In Germany, a bill has been presented that suggests the possibility of storing bitcoins in local banks from next year, writes the Handelsblatt edition.
According to the publication, Germany may have a new set of rules for regulated financial institutions that may be allowed to sell and store cryptocurrency. In accordance with current regulations, such services cannot be offered by legal entities that provide banking services. If the bill is approved, access to cryptocurrencies for clients can be implemented in the same online banking interface that is used to work with securities.
Sven Hildebrandt, head of DLC consulting company, expressed optimism about the new proposal, noting that Germany could become a “crypto-heaven” and will set trends in digital asset regulation.
Representatives of the BdB Banking Association also responded positively, stressing that regulated financial institutions are well-suited for asset holding and anti-money laundering tasks, and investors will no longer have to seek help from foreign funds to acquire cryptocurrencies..

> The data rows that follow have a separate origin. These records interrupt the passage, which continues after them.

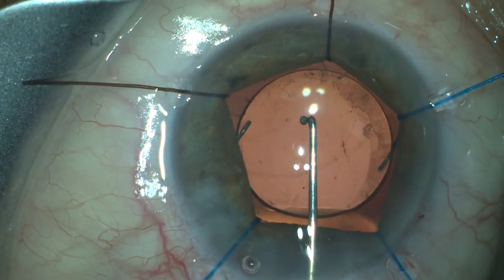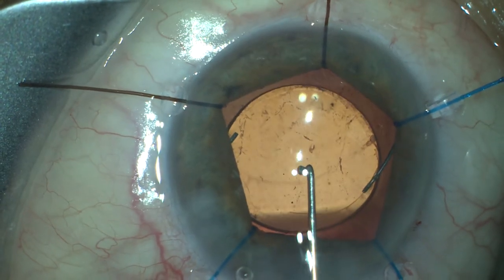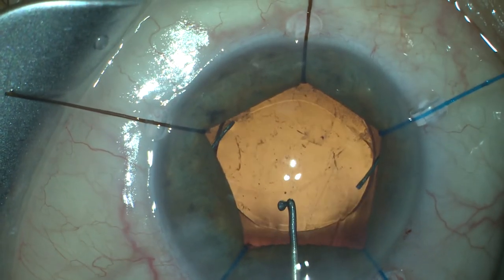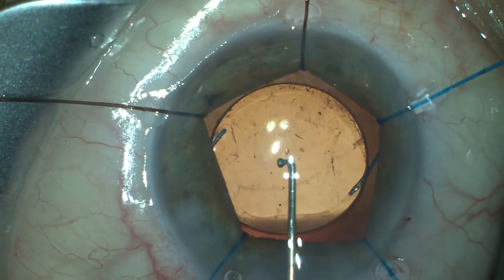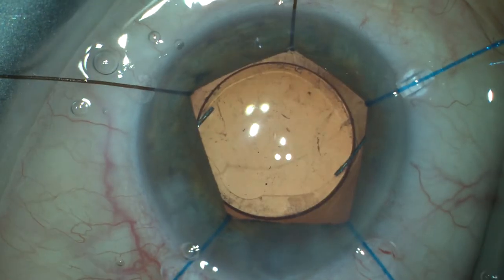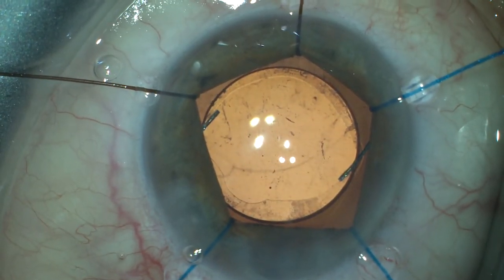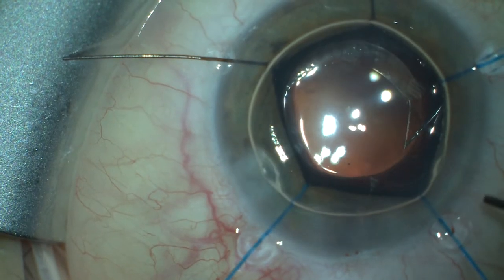After that we implant the lens. The loops are placed in the sulcus and we push the optic part of the intraocular lens into the bag. We aspirate the Healon in order to stabilize and secure the intraocular lens.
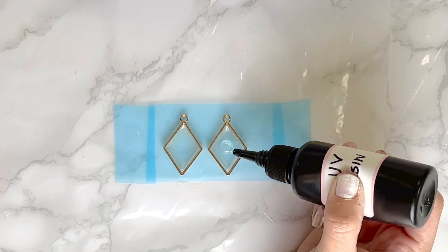Now that I'm happy with this design, I'm going to get my UV lamp and let the resin cure for a minute.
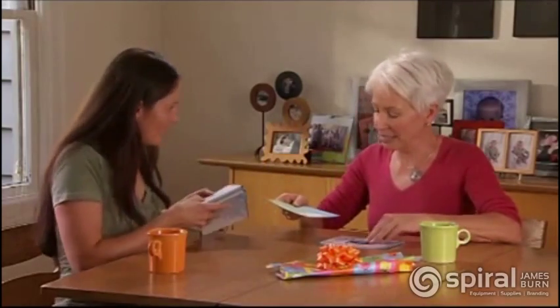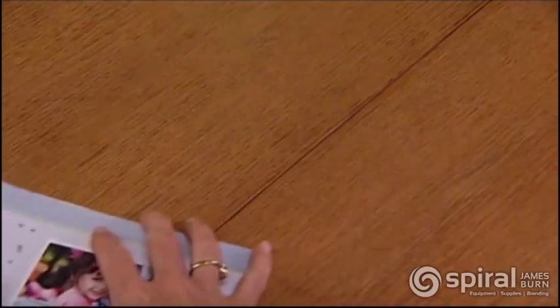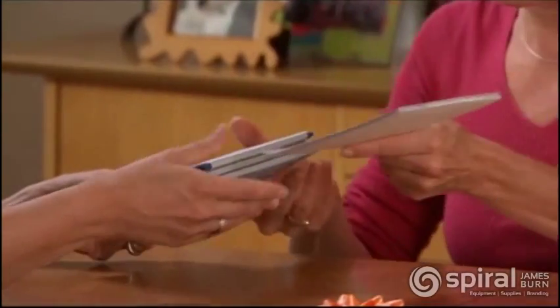If you want to add other photos or items to the book, just fold back the covers, insert your item, and close the book.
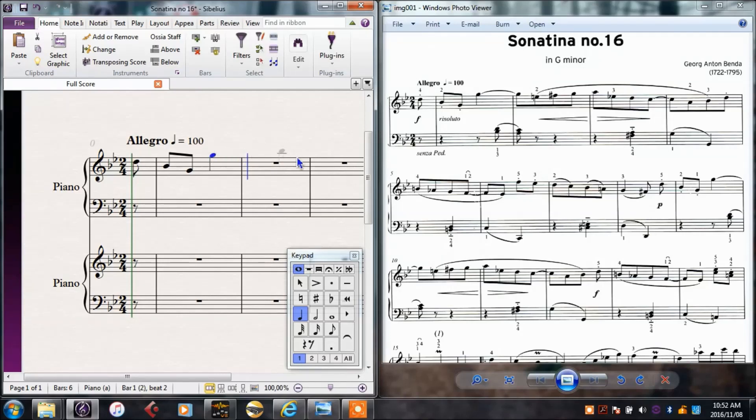Now I need it tied over to a quaver G, so I'll select tie, quaver, and a G. This system goes quite slowly, so let's try this with the keyboard.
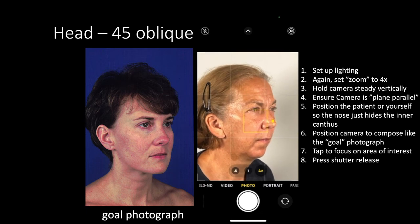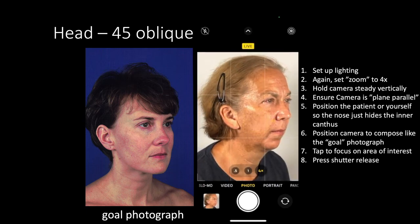Tap the screen on the area of interest to focus the camera, then press the shutter release.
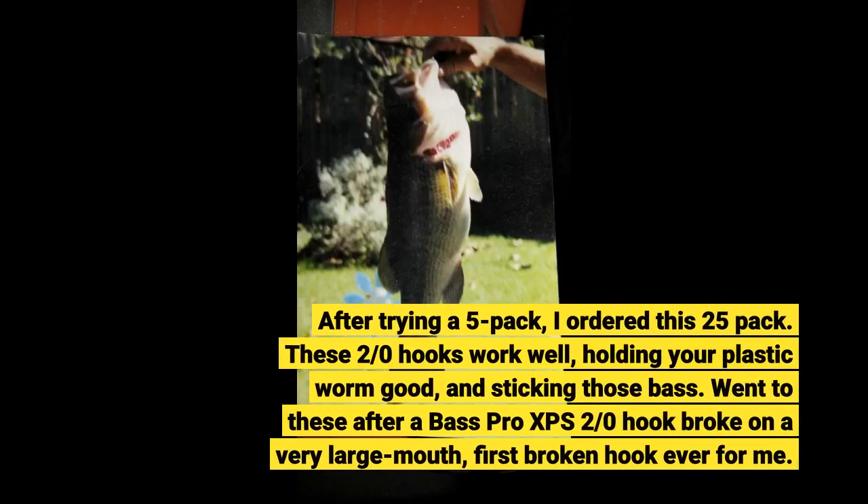Really nice addition to my tackle. Quality is very good. After trying a 5-pack, I ordered this 25-pack.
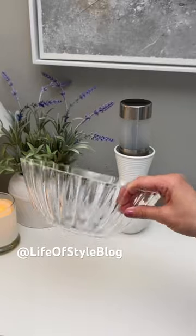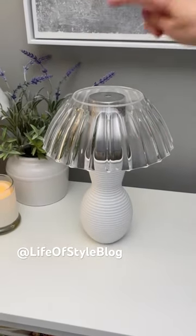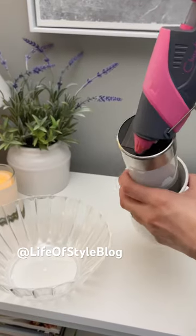Now for our lampshade we're going to be using a plastic bowl. You do want to make sure it's clear, that way the solar panel up top can still charge during the day.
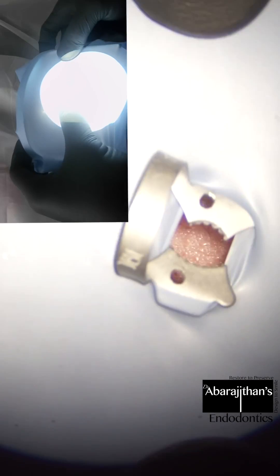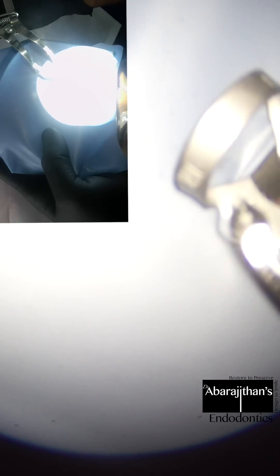Instead of using a template, the patient's face and the jaw along with the teeth is used as a template to mark where you need to punch the hole for perfect rubber dam orientation. And then a wing clamp is always better. So the wing clamp is now attached to the sheet over the wings of the clamp in this way. And following this, the steps are very simple.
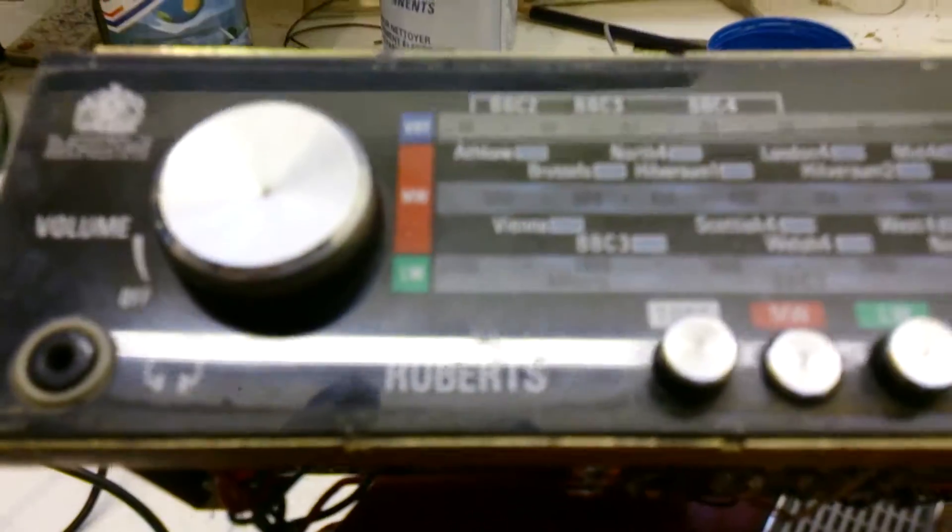Plenty of volume on that now. Still not much action on the long wave, but you don't get much on there anyway — I will look into that. And the AM, medium wave, it will get some signal.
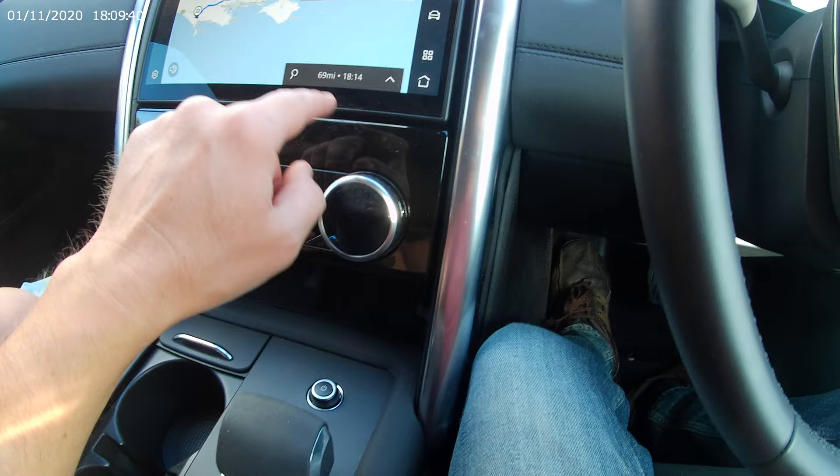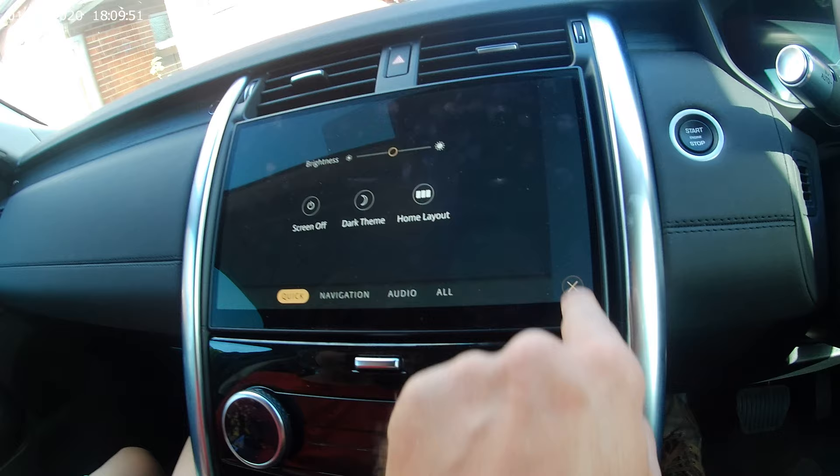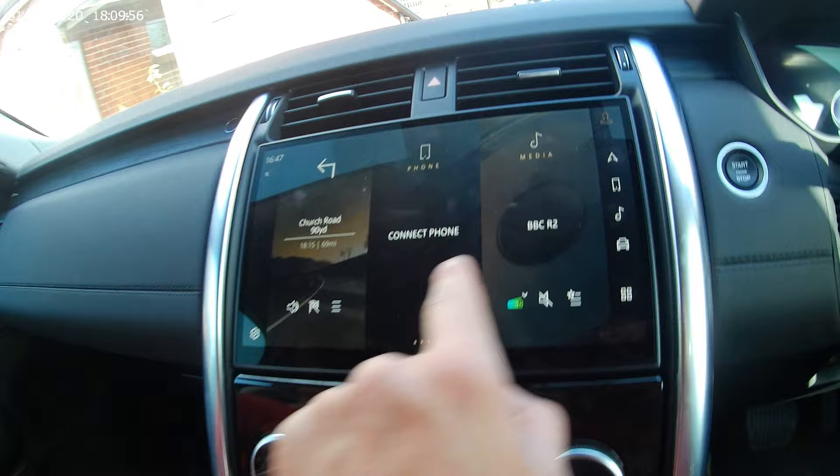Turn that off now. What else have we got? Hang on, because I just want to show... so you've got the phone, and you've got media.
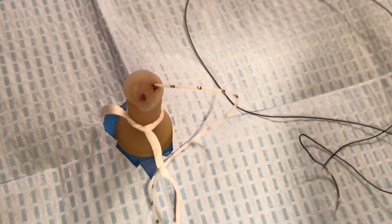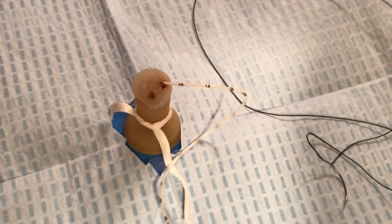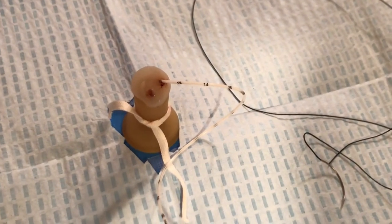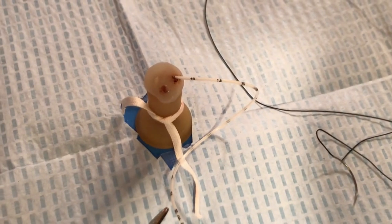This video will demonstrate the suturing of an umbilical venous catheter. We will identify the two arteries and the one vein in the umbilical cord. Care should be taken to avoid piercing or suturing the arterial vessels in the cord.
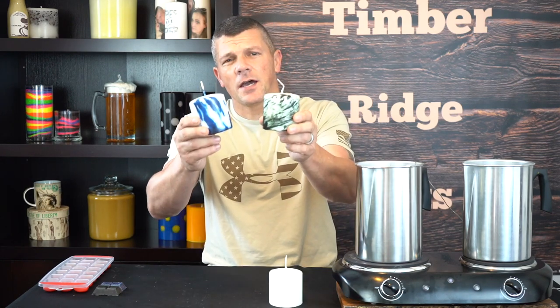What's up everybody? I'm Tim from Temper Ridge Gifts. In this video I'm going to show you a quick and easy way to take these plain boring old white pillar candles and give them this awesome tie-dye and swirl design.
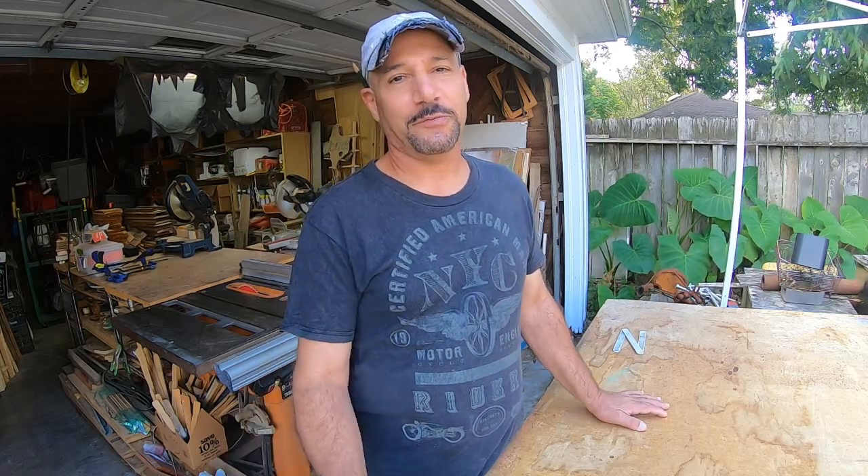Hey guys, how you doing? This is Sam with Southern Balance again. This is going to be behind the scenes. Today I'm going to show you how to make my license plate pendant lights.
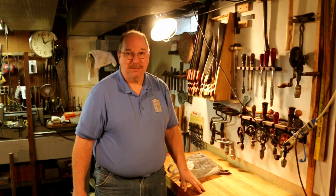Hi, I'm Old Sneelock. Welcome to another episode of Old Sneelock's Workshop.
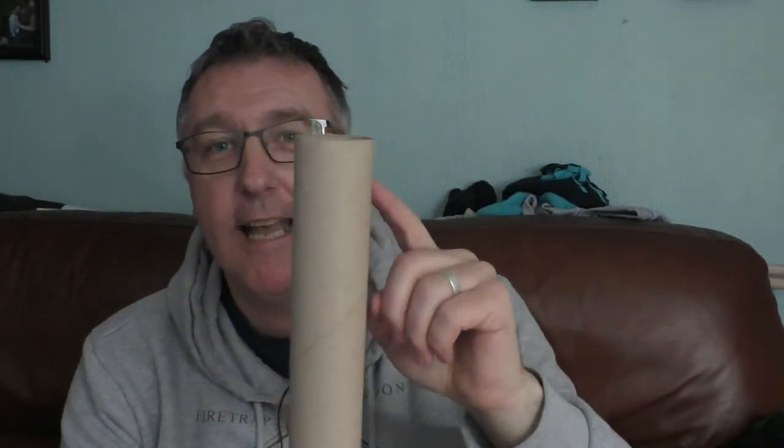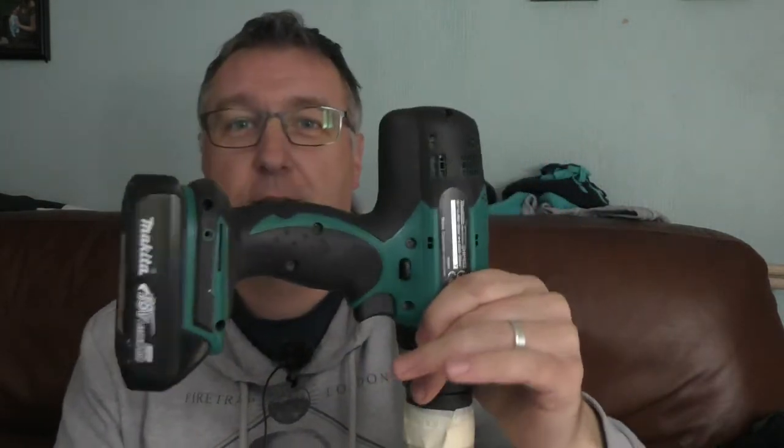First thing you're gonna need is some tape — masking tape, sellotape, whatever, it doesn't really matter. The second thing you're gonna need is a cardboard tube, any size or shape, it doesn't matter, you can even use a plastic bottle. The next thing is a drill.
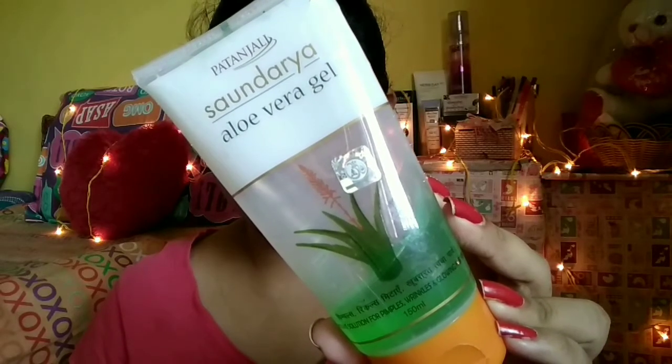Hi guys, welcome back to my channel. This is a makeup tutorial and I created this eye makeup look. I named it the Black Copper Lava Eye Look, and if you want to know how to create this look using affordable options, keep on watching.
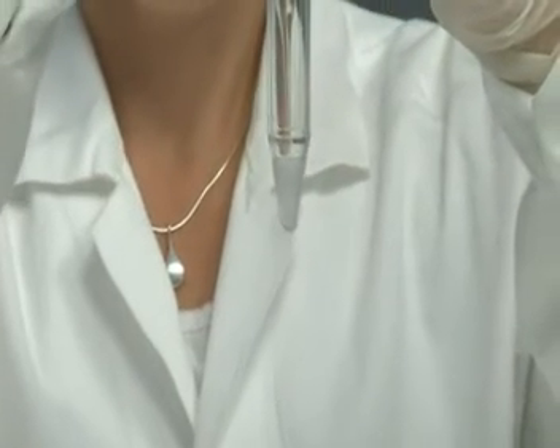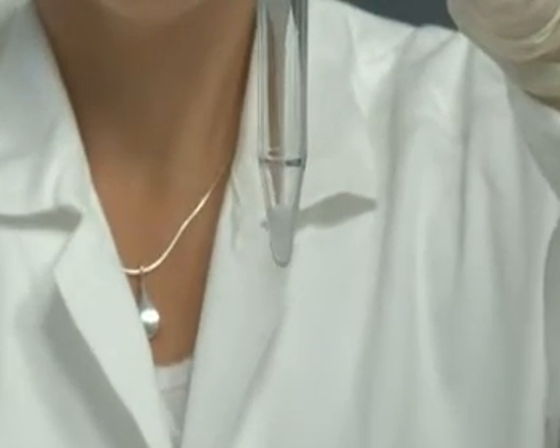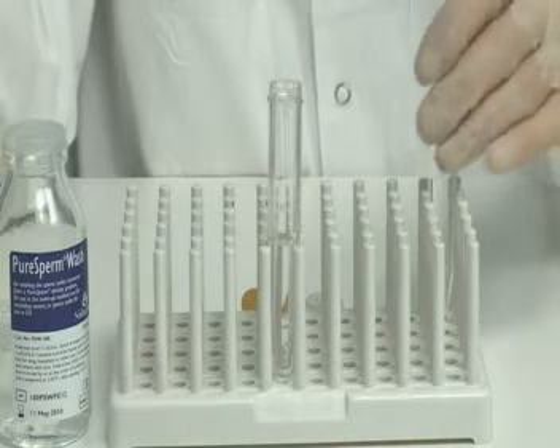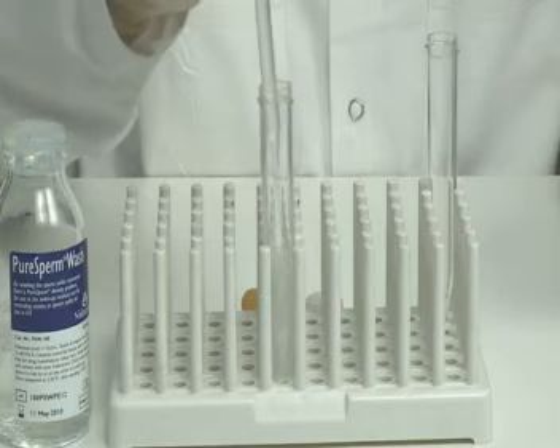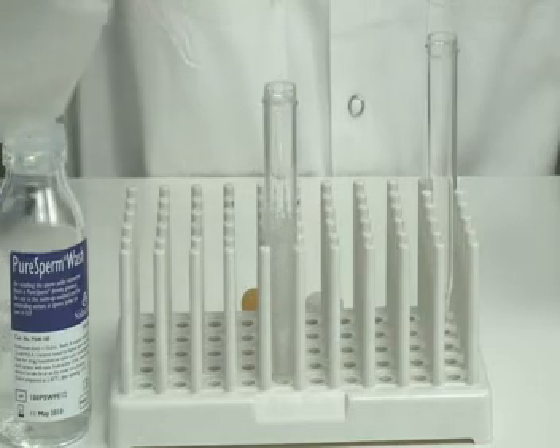Transfer the pellet to a new sterile conical centrifuge tube containing 5 milliliters of PureSperm Wash. Suspend the pelleted sperm in PureSperm Wash.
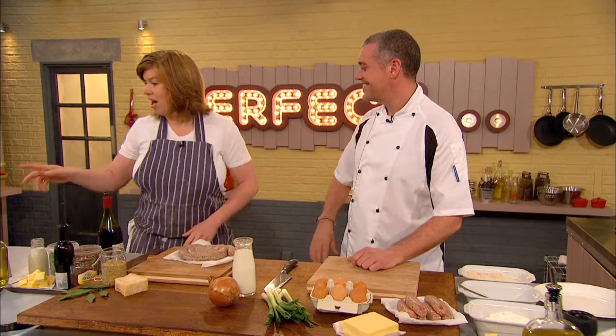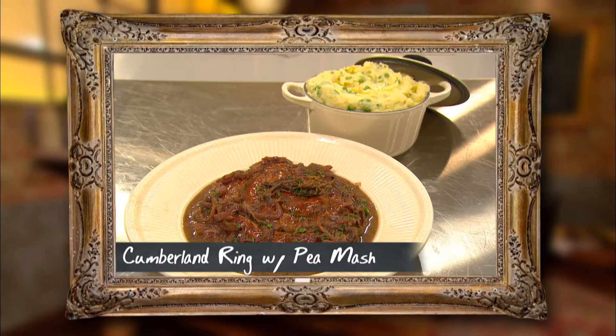Classic bangers and mash - most people who've stepped in a kitchen have made it. I'm going for a Cumberland sausage, and the mash I'm going to customize with a few spring onions and a little bit of cheese. I'm going to have an onion gravy - a sort of honey mustard affair. I've chosen the Cumberland but gone the really classic route with the ring.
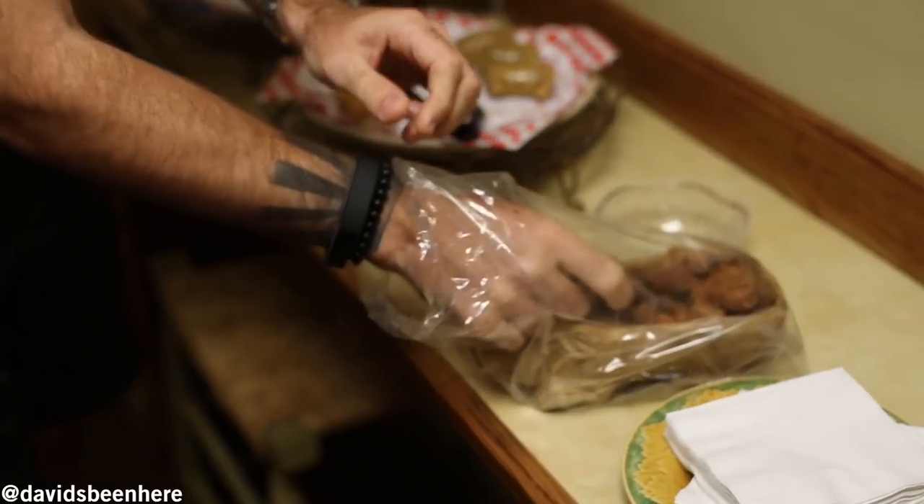And these are cracklings, which are basically fried pork fat. Oh my God, I'm going to have to go on a strict diet after this. Super crunchy. Really good.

However, not everyone supports the proposal. Niels Nahauser, a finance expert at the Baden-Württemberg Consumer Advocacy Center, said that banks are too aggressive when looking for new clients, and adding cryptocurrencies to their portfolios can lead to unexpected losses: “Basically, banks sell many different financial products for a commission. If they are allowed to sell and store cryptocurrencies, clients risk losing their assets without even knowing what they are getting themselves into. “.
It is noteworthy that the bill is being considered as part of measures to ensure compliance with the requirements of the EU Anti-Money Laundering Directive.